The Bose 901 has survived so long in the market place for two reasons. 1. MARKETING primarily. They have marketed the living piss out of this piece of dreck for 40 years. Nothing more. And you have such comtempt for audio companies marketing. Bose, without question, is the marketing king in this industry. Marketing is all that Bose has been about for several generations. As savvy as many hi-end audio companies have gotten about marketing, that can't even begin to compete with the master, Bose. A better example you will not find on how a company can take a terrible product and turn it into a legend simply by marketing. Should actually be a case study in any good marketing class. Couple that with.... 2. Most folks that purchase the Bose did so on the marketing hype alone having no idea, and not caring, what real music sounds like.

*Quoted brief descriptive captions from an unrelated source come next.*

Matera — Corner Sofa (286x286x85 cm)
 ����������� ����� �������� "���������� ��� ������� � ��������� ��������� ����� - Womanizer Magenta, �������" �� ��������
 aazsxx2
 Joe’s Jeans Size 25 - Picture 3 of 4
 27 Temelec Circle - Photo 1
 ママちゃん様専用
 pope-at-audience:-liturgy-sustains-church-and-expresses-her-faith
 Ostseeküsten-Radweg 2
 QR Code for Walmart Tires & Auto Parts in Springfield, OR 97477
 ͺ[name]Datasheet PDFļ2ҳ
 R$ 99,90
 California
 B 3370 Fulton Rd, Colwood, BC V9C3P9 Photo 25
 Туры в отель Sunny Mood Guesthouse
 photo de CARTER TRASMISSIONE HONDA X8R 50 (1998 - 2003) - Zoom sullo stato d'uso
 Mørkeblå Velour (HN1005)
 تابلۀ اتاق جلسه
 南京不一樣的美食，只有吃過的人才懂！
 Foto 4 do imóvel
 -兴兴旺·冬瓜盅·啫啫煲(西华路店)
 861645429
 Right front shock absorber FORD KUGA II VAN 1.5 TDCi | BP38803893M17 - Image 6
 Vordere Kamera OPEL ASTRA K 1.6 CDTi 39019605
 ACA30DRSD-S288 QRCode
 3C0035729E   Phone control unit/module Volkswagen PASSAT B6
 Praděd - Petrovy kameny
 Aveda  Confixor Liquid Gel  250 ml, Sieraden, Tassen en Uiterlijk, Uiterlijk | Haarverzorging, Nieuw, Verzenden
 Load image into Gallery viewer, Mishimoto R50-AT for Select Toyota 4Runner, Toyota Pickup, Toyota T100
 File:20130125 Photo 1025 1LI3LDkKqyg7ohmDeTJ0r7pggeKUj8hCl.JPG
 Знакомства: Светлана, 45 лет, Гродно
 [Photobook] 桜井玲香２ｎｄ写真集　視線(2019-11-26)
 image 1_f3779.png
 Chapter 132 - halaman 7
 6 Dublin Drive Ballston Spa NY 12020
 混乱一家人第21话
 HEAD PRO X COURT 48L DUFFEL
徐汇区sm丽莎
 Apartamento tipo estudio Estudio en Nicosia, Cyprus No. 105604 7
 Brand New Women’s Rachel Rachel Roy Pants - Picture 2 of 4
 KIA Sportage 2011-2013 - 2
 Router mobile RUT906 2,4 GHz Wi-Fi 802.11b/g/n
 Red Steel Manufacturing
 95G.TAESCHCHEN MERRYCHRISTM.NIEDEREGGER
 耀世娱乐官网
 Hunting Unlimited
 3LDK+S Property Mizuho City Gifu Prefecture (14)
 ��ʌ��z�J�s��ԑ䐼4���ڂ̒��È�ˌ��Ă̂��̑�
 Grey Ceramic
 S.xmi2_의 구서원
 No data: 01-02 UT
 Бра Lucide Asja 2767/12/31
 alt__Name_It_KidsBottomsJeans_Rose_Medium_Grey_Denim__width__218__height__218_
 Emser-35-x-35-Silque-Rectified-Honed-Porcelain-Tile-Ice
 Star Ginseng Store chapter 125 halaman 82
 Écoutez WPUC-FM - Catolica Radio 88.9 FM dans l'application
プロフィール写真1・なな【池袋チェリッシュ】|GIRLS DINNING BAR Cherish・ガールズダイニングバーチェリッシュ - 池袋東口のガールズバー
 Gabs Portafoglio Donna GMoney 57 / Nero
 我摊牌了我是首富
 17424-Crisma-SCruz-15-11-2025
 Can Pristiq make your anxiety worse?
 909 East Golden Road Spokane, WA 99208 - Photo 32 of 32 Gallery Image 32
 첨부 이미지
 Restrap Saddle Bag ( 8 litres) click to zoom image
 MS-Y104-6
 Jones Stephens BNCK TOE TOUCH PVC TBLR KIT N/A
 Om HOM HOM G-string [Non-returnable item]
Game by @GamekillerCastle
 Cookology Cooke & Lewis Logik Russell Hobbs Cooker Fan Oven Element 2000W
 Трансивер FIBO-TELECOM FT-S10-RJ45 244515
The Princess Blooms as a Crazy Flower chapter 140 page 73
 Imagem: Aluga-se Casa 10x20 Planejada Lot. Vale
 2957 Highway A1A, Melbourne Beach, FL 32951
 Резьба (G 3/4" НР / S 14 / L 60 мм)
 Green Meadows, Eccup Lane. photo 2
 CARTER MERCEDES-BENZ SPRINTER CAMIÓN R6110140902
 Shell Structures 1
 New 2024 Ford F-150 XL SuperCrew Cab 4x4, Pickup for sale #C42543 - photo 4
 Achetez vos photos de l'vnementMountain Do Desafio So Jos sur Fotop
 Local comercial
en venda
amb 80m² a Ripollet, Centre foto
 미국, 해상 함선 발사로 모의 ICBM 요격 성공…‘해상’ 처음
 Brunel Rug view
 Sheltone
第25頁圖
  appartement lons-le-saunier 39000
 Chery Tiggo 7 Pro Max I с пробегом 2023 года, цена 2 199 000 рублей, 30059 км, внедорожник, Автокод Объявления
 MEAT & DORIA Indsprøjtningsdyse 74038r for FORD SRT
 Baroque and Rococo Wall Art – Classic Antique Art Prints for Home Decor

I have no problem without about 80% of your comments/ideas. You are spot on in many cases, i.e. live music as the ONLY meaningful reference, massive marketing hype in this industry, the lack of any real innovation, ideas, etc. Some of this is great and I love some of the feathers you ruffle. But then you just went and shot yourself in the foot with the Bose comment. Talk about total hype and marketing. A complete lack of real innovation. It was not innovative even when it came out. It was simply horrid then and is just as horrid now.
A few years ago Ken Kessler nominated the original Quad ESL as the audio component of the century. If one could nominate the worst audio product of the last century, the winner would be the Bose 901 by a long-shot, for one would be hard pressed to find a better piece of hyped junk. Laughable concept, terrible engineering, comical construction quality and way, way, way over priced. A big cheesy shoe box full of cheap ass driver.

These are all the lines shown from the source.